The second tier, according to  the committee, should be strategically distributed across four geographical centers in India, in the north, south, east, and west.

“Tier 2 centers support both AI training and inferencing tasks for their respective regions, reducing latency and improving accessibility to AI resources,” the committee wrote.

For edge computing, the committee suggests the use of 500 Petaflops of AI computing power, driven by 750 GPUs for AI training and an additional 500 GPUs for inferencing tasks. It has also recommended that these systems be placed across 12 geographically diverse regions.

Altogether, the committee has recommended the use of 14,500 GPUs with 58 Exaflops for AI training performance and 10,00 GPUs with 22 Exaflops for AI inferencing performance, bringing the total count to 24,500 GPUs with 80 Exaflops of computing power.

The total high-performance storage recommended by the committee stands at 840 petabytes.

India lags in supercomputing power

However, when compared with other countries, such as the US and China, India is far behind in terms of supercomputing infrastructure that can support AI-related workoads, a report from OCED quoted by the expert committee showed.

While India presently has just 3 supercomputers, China and the US have 162 and 127 supercomputers, respectively.

“The People’s Republic of China has the largest share, accounting for 32% of the top supercomputers. Following China, the United States holds 25%, Germany 7%, Japan 6%, France 5%, and the United Kingdom 3% of the top super computers,” the committee wrote.

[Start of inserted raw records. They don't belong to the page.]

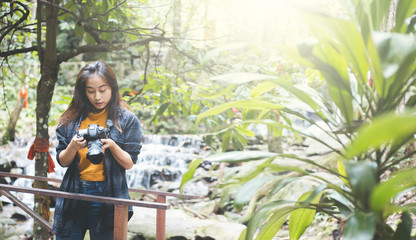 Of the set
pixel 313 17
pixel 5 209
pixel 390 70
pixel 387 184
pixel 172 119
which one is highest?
pixel 313 17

The committee has also suggested the use of a data management framework, dubbed India Data Platform (IDP).

The IDP, according to the committee, is expected to contribute to the growth of India’s AI ecosystem by providing access to diverse and quality data sets, facilitating data collaboration, enabling data-driven AI models, accelerating AI research and development, and enabling the government to become a data-driven organization.